Your goal: Please repeat every entry exactly as given, apart from dropping the images.

Saved entries:
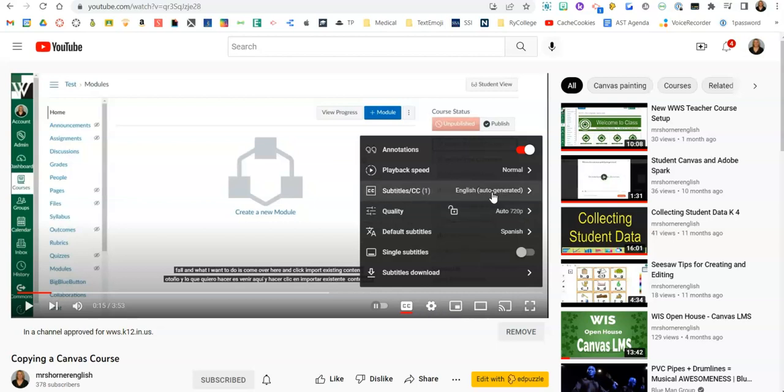So that first subtitles link, that's going to be your auto-generated or your English subtitle, so we don't want to change that. We're going to leave that as is. Instead, we're going to come down here to our default subtitles, and here's where we could choose any language we want.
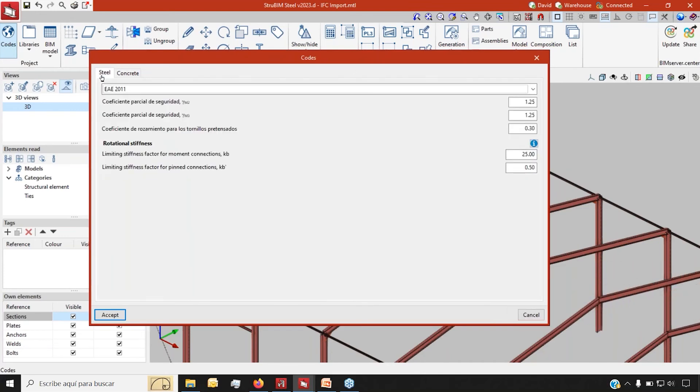And you can always customize the different coefficients that you're going to use for the final checks, including, of course, rotational stiffness.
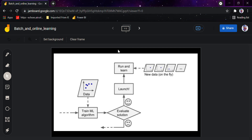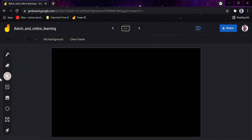Today we are looking at batch and online learning, a new topic in ML theory. In machine learning, there is another criteria used to classify machine learning systems — whether the system can learn incrementally from a stream of incoming data or not. I will explain batch learning first through an example.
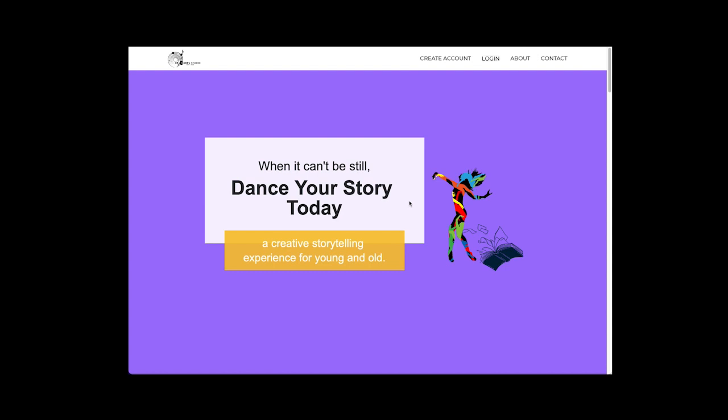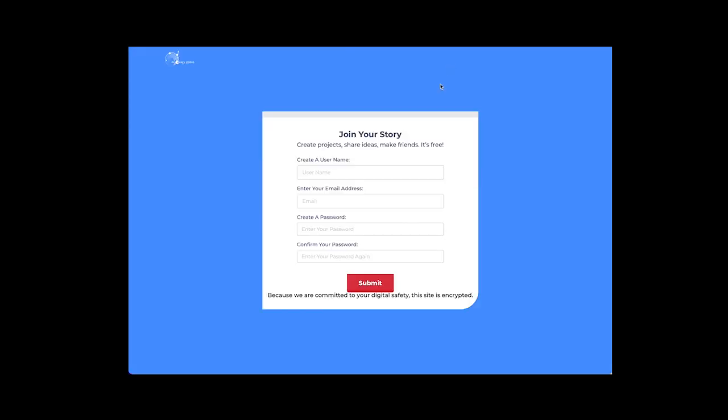Go to the site and then click on create an account. Here's the page. You're only asked to create a username, enter an email address, and create a password and confirm it. That's all you have to do.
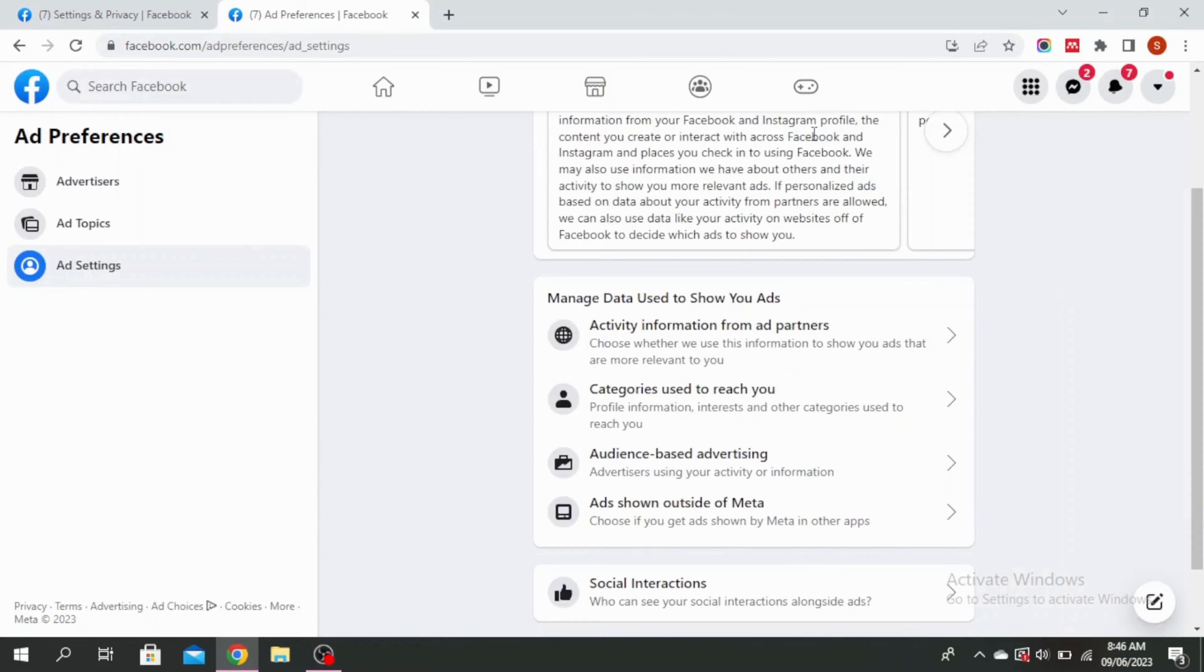Changes may take up to a day but that is how to delete suggested for you on Facebook.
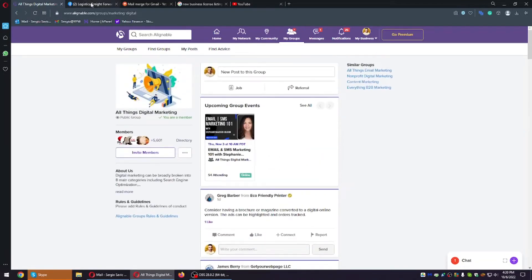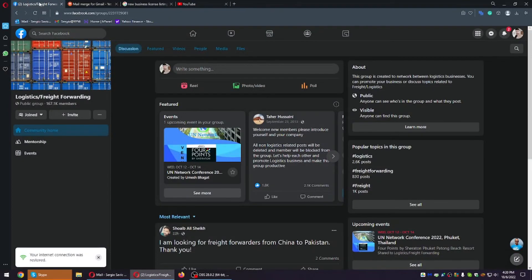I suggest spending at least an hour per day on each platform — LinkedIn and Alignable — networking and talking to people. That's how you find leads online completely for free; you just have to put in the effort. If you don't have any leads right now, create a plan to do 200 messages per day every single day. You can do LinkedIn, Alignable, Facebook groups, manual emails — do outreach for at least three to five hours per day and you're going to get clients.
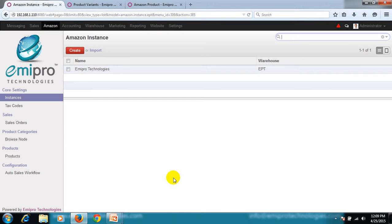An instance refers to a seller account in Amazon for a particular country. This connector facilitates us to configure multiple seller accounts for multiple countries supported by Amazon. For the demonstration, we have configured an instance here. Let's get into the detail of it and try to understand it.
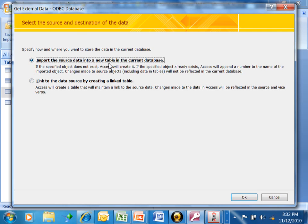However, if you do a link, then if you update it in Access, it'll also update in the original database and vice versa. We're just going to do an import. We'll click on OK.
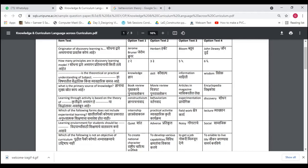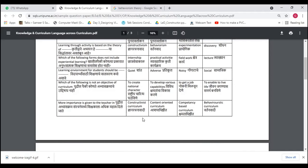Next question: The learning environment for students should be blank. Options are quiet, adverse, noisy, and social. We immediately eliminate adverse and noisy. Between quiet and social, we select social — various theories have proved that students learn better in a social environment compared to learning individually. So the correct answer is option four — social.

Your solution:
So that first subtitles link, that's going to be your auto-generated or your English subtitle, so we don't want to change that. We're going to leave that as is. Instead, we're going to come down here to our default subtitles, and here's where we could choose any language we want.
And you can always customize the different coefficients that you're going to use for the final checks, including, of course, rotational stiffness.
Today we are looking at batch and online learning, a new topic in ML theory. In machine learning, there is another criteria used to classify machine learning systems — whether the system can learn incrementally from a stream of incoming data or not. I will explain batch learning first through an example.
Go to the site and then click on create an account. Here's the page. You're only asked to create a username, enter an email address, and create a password and confirm it. That's all you have to do.
Changes may take up to a day but that is how to delete suggested for you on Facebook.
I suggest spending at least an hour per day on each platform — LinkedIn and Alignable — networking and talking to people. That's how you find leads online completely for free; you just have to put in the effort. If you don't have any leads right now, create a plan to do 200 messages per day every single day. You can do LinkedIn, Alignable, Facebook groups, manual emails — do outreach for at least three to five hours per day and you're going to get clients.
An instance refers to a seller account in Amazon for a particular country. This connector facilitates us to configure multiple seller accounts for multiple countries supported by Amazon. For the demonstration, we have configured an instance here. Let's get into the detail of it and try to understand it.
However, if you do a link, then if you update it in Access, it'll also update in the original database and vice versa. We're just going to do an import. We'll click on OK.
Next question: The learning environment for students should be blank. Options are quiet, adverse, noisy, and social. We immediately eliminate adverse and noisy. Between quiet and social, we select social — various theories have proved that students learn better in a social environment compared to learning individually. So the correct answer is option four — social.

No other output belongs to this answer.